Veroli Fr – La fondazione dell’abbazia di Casamari risale agli albori del II millennio quando alcuni ecclesiastici di Veroli, con l’intento di costruire una comunità monastica benedettina, avviarono la costruzione di un monastero sulle rovine di Cereate, patria del console romano Caio Mario cui si riporta la denominazione di Casamari, Casa di Mario.

Intorno alla metà del XII secolo, i monaci benedettini furono sostituiti dai cistercensi i quali, in un arco relativamente breve di tempo, edificarono l’attuale monastero, gioiello di architettura cistercense.

Dopo un periodo di splendore, a partire dalla metà del XIV secolo Casamari si avviò ad un lento declino fino a quando nel 1717 vi fu introdotta una colonia di monaci cistercensi riformati, detti Trappisti, provenienti da Buonsollazzo in Toscana, i quali ridiedero impulso alla vitalità spirituale, culturale e materiale del monastero.

In età napoleonica e nel corso dell’800, Casamari subì invasioni, saccheggi, incendi e spargimenti di sangue.

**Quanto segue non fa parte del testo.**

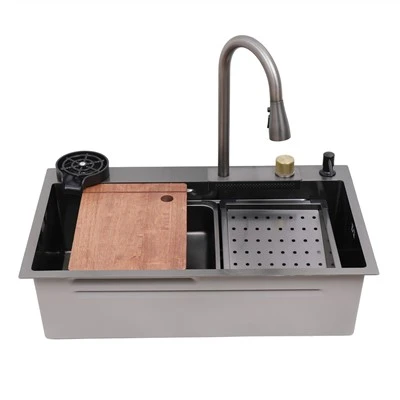 Multifunkcionalni kuhinjski sudoper Smart Waterfall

Spogliata dei suoi beni nel 1873 in seguito alle leggi di soppressione, l’abbazia, nell’anno successivo, fu dichiarata monumento nazionale.

Nel 1929 Casamari, insieme ai monasteri da essa fondati, è stata eretta in Congregazione monastica autonoma, aggregata all’Ordine cistercense.

Nell’abbazia di Casamari vive attualmente una comunità di sedici monaci.

 

I Martiri di Casamari

Nella primavera del 1799 i rivoluzionari francesi, che avevano instaurato in Napoli la Repubblica Partenopea, furono costretti dall’esercito borbonico riorganizzato dal cardinale Fabrizio Ruffoe dalla presenza della flotta inglese ancorata nelle isole di Ischia e di Procida, a prendere la via del ritorno, risalendo la penisola per la litoranea, attraverso Gaeta e Terracina.

Un distaccamento dell’esercito, però, calcolato dalle cronache del tempo sulle tredici – quindici mila unità, agli ordini dei generali Vetrin e Olivier, si diresse verso l’interno. Esso giunse, il 10 maggio, a Cassino quando gli abitanti avevano abbandonato la città e si erano rifugiati sui monti. Anche i monaci dell’abbazia di Montecassino erano fuggiti a Terelle recando alla sicuro le cose più preziose; i pochi monaci rimasti dovettero assistere con raccapriccio, e non senza pericolo di morte, alla devastazione, al saccheggio ed alla profanazione, perpretati, tra canti osceni e parodia di sacre liturgie, dai 1500 soldati della colonna del generale Olivier che erano saliti all’archicenobio.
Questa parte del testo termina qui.